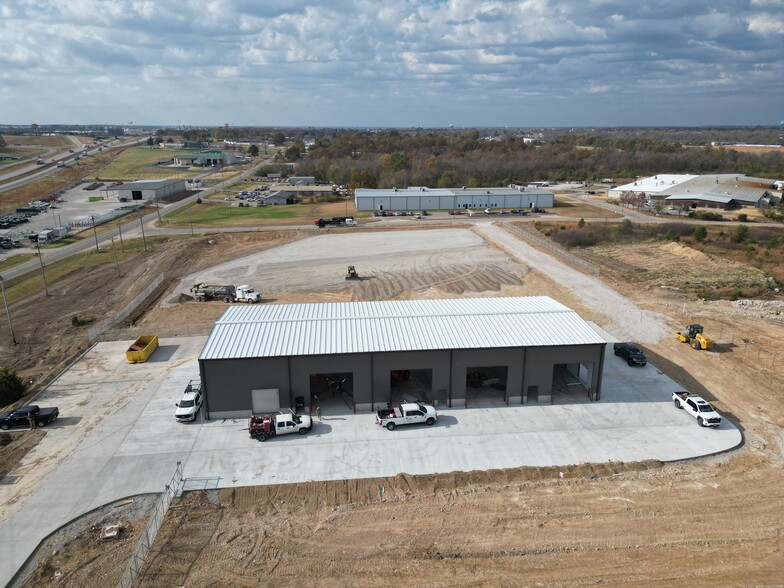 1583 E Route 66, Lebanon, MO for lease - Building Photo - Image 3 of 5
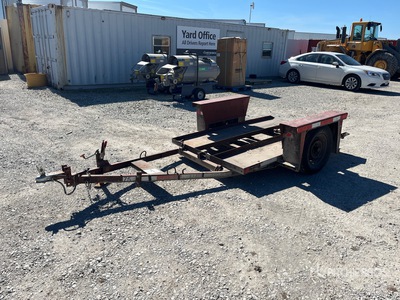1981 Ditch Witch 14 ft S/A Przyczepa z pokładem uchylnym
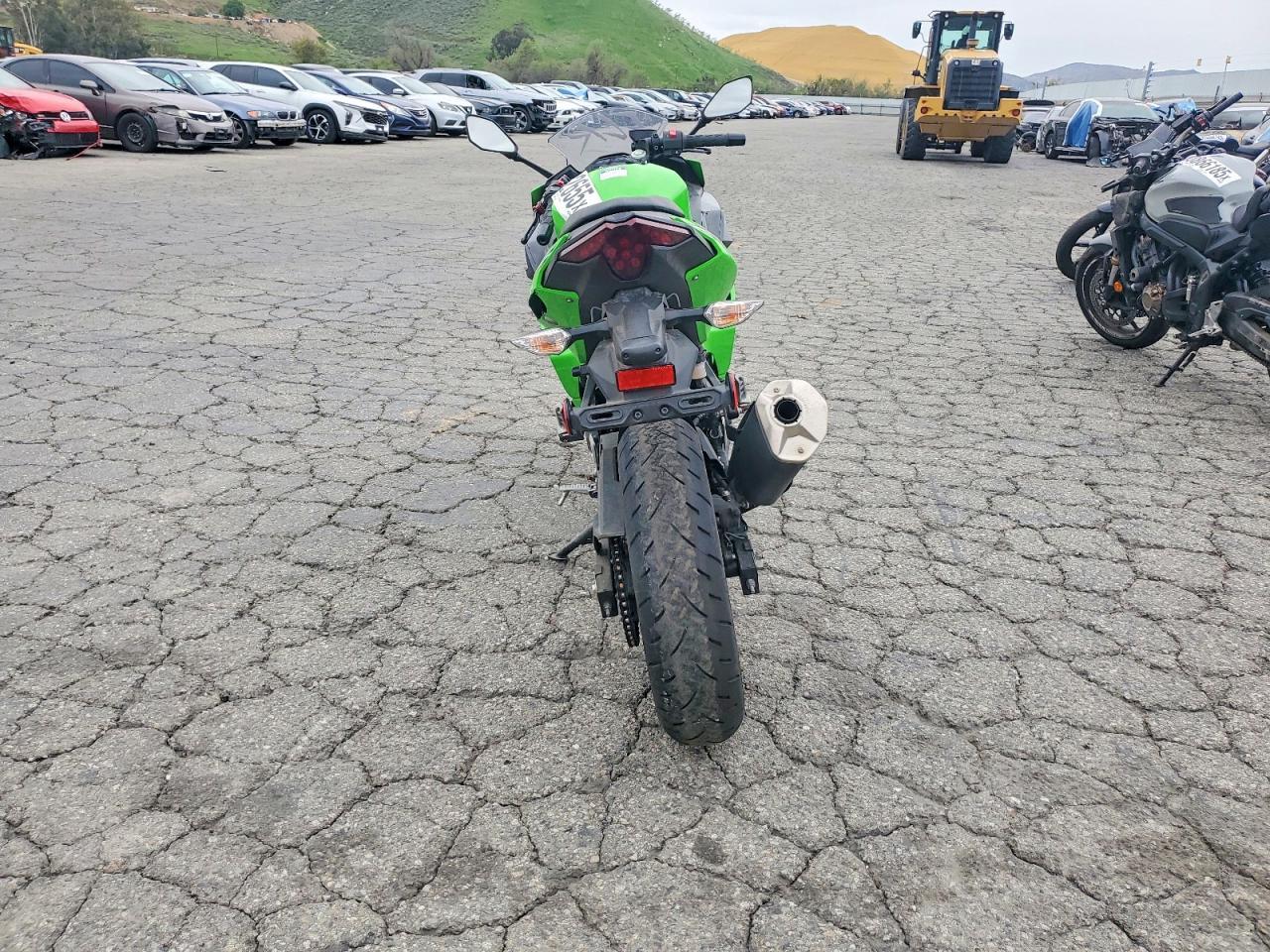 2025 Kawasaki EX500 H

• • • •

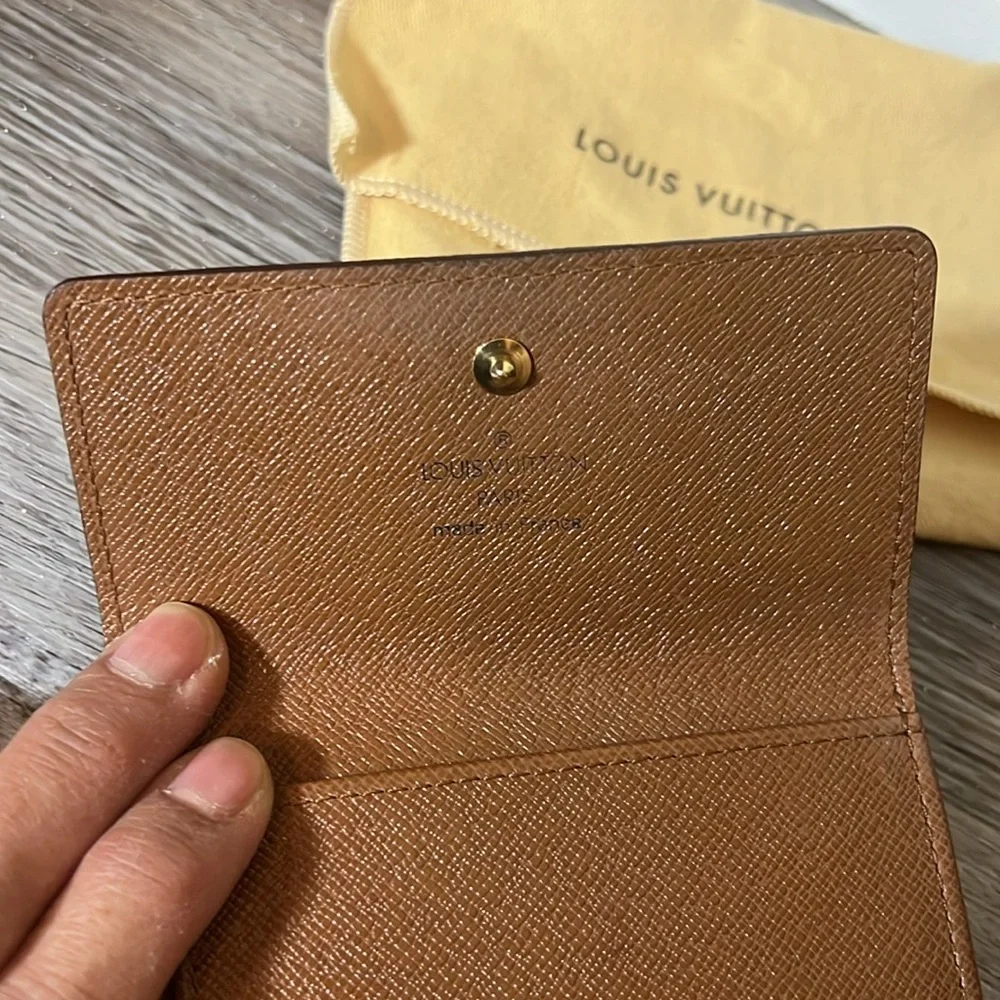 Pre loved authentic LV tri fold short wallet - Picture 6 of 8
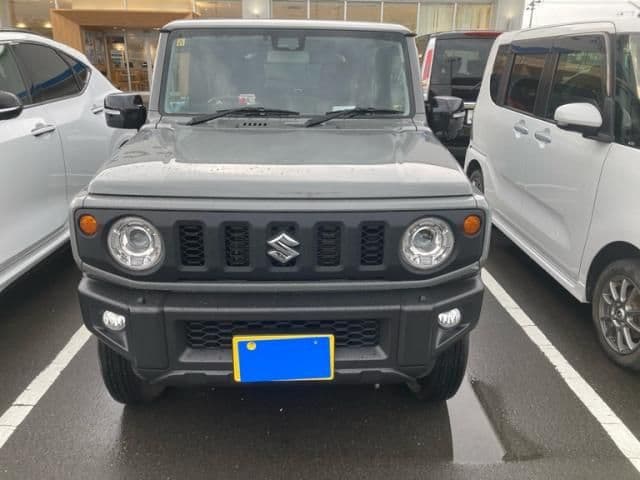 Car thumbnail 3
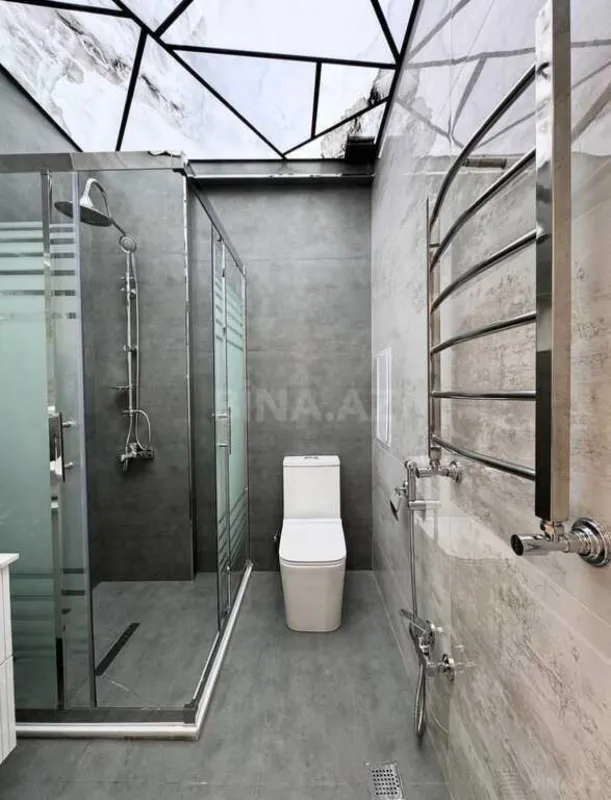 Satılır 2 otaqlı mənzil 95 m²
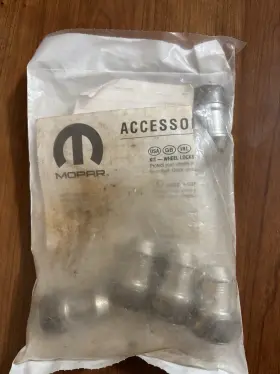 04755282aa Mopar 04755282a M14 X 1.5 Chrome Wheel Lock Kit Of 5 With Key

• • • •

• [What needs to be done] Transcribe, from the material above, the stretch starting at the line with "1583 E Route" and ending at the line with "2025 Kawasaki EX500 H", both included, exactly. Do not carry over pictures.

• [Task answer]
 1583 E Route 66, Lebanon, MO for lease - Building Photo - Image 3 of 5
1981 Ditch Witch 14 ft S/A Przyczepa z pokładem uchylnym
 2025 Kawasaki EX500 H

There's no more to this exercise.